It is 8 feet in height and 4 feet in length, and features a very dense amount of paint that appears disorganized, if still aesthetically-pleasing. The work was painted on fiberboard using liquid paint that was resin-based.
The painting was reportedly sold for 140 million dollars (adjusting for inflation) in 2006, which would make it among the most expensive paintings ever sold, and certainly one of the most expensive of Pollock's works. His paintings are expected to become more expensive as time wears on, since they are rare and very few of his original works still remain in existence. No. 5, however, still survives to this day in a private collection in New York City, though the specific collector is anonymous and unknown to the public. It was initially purchased by Alfonso A. Ossorio during an exhibition in 1949 for 1,500 dollars, who was looking for a paint drip work to add to his collection.
While the painting was being shipped, it was damaged, so Pollock attempted several times to repair the damage by painting over it, but Osorio claimed that he could tell the difference. Pollock instead ended up repainting almost the whole thing, resulting in a different painting from the original, and he reportedly stated that no one would ever be able to tell the difference because no one ever knows how to “look at” his paintings. Ossorio did notice the difference, but he found it to be a positive change, and described the painting as having more depth of character, but still retaining the essence of the original, and even expanding on it. Pleased, he described the work as representing Pollock's “second chance” at producing the same work of art. This flew in the face of more typical art restoration techniques, which seek to make small, slight repairs that won't be noticed by the casual viewer and will result in an exact likeness to the original; instead, Pollock completely reworked his painting, drizzling new lines and embellishments on the older piece underneath.

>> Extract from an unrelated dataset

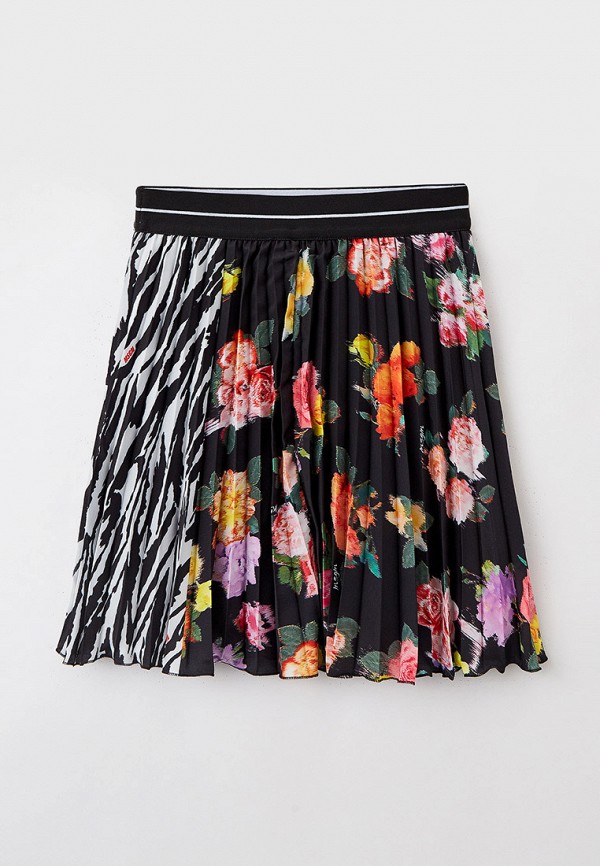 

Юбка MSGM Kids, Черный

After Ossorio, the painting moved on through several private hands, from Samuel Irving Newhouse, Jr. to David Geffen, until it was finally sold in 2006 for roughly 140 million dollars to an unknown private collector, possibly to David Martinez, though it is currently unconfirmed. Only one of Pollock's paintings has currently sold for more, Number 17A, which sold for roughly 200 million dollars in 2015 and was sold to Kenneth C. Griffin, a private collector. Similar to No. 5, Number 17A is an abstract paint drip work that incorporates many colors, especially streaks of white in the foreground. It is, however, not as dense and busy as No. 5, likely because it was not painted and repainted several times with several different layers.